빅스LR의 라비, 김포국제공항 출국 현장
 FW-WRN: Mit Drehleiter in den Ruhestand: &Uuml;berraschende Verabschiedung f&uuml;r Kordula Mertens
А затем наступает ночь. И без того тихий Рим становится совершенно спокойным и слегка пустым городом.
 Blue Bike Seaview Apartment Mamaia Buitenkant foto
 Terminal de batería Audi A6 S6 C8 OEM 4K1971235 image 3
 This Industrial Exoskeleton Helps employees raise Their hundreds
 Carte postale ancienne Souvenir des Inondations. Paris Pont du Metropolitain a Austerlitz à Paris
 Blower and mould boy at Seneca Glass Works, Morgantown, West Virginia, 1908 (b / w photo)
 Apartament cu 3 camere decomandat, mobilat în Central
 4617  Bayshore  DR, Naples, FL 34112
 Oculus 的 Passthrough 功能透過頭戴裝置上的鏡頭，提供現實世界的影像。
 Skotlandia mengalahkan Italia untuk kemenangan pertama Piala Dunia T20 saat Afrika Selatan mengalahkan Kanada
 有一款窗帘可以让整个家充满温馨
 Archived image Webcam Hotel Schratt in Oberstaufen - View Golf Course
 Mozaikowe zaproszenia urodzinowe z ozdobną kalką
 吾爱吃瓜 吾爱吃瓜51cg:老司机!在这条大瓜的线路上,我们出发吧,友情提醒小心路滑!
----
Each line of the material that has "image" in it should be counted; reply with that number alone.

2